To call the above the most pressing human rights crisis of our time, the biggest threat to fundamental human freedom and dignity, is more than warranted. Not that atrocities, as mentioned above, aren’t present elsewhere. Horror remains depressingly commonplace across the world. Just take a look at the United States’ immigration policies. Yet no other single nation’s actions remain as egregious as those perpetrated in Xinjiang; no other nation partakes in so many other comparatively concerning abuses; no other nation is actively exporting its own peculiar brand of terror, trying to teach its most dystopian repression tactics to fellow authoritarian regimes. China remains simply unparalleled.
The moral imperative for action appears self-evident; the specific course for it remains unclear. Opposing the world’s largest dictatorial regime is hardly straightforward, particularly when it lies an ocean away. There is, however, one promising lead: While our power as individuals might be limited, we all happen to be affiliated with a rather influential institution, one particularly revered across China that proudly champions “more just, fair, promising world.” A rare avenue for change.

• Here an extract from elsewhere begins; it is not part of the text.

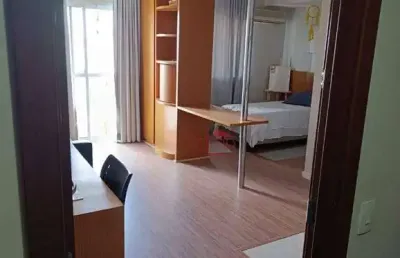 Flat com 1 dormitório à venda, 35 m² por r$ 265.000,00 - centro - osasco/sp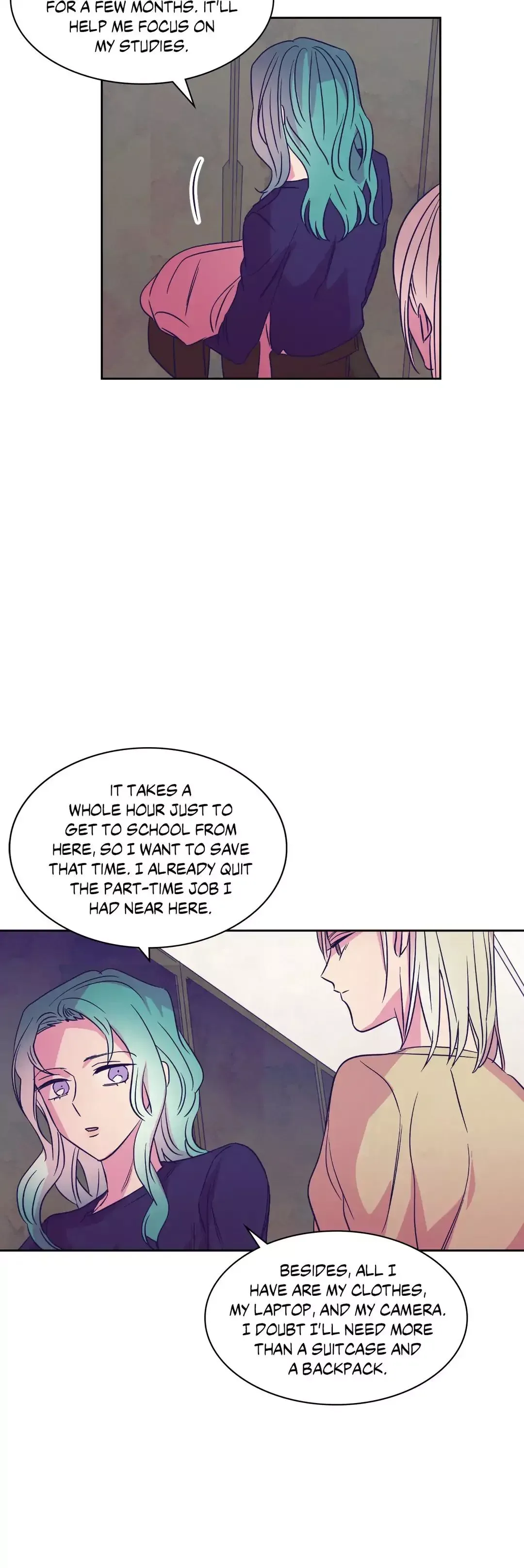 Blooming Sequence Chapter 70 page 32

Or perhaps not. Harvard’s ties to China appear to whitewash the atrocities of the Chinese government; our president too busy posing for propaganda outlets with President Xi Jinping and deeming his investment in higher education “admirable.” Indeed, University President Lawrence S. Bacow has gone out of his way to give undeserved institutional and academic validation to China, laughably stating that Peking University — where most students know nothing of the 1989 Tiananmen protests that rocked their campus, and faculty can be fired for holding “subversive” views — is devoted to “free thought.”
Worse still is the current framing of the Harvard China Fund, originally designed to promote the University’s presence in China. The fund currently packages a voyeuristic exploration of the regime into a fun summer trip — one dependent on universities that are increasingly cracking down on their own student bodies. One of its student testimonials describes Hong Kong, as seen at the peak of the protests last summer, as interesting for the study of “issues of freedom” but also of “security, and order,” briefly indulging in some politically reprehensible bothsidesism before diving into the more pressing matter of its delightful local cuisine. With some American universities cutting ties to their Chinese partners out of concern for the impact of authoritarianism on free academic pursuit, our institution appears determined to do the exact opposite.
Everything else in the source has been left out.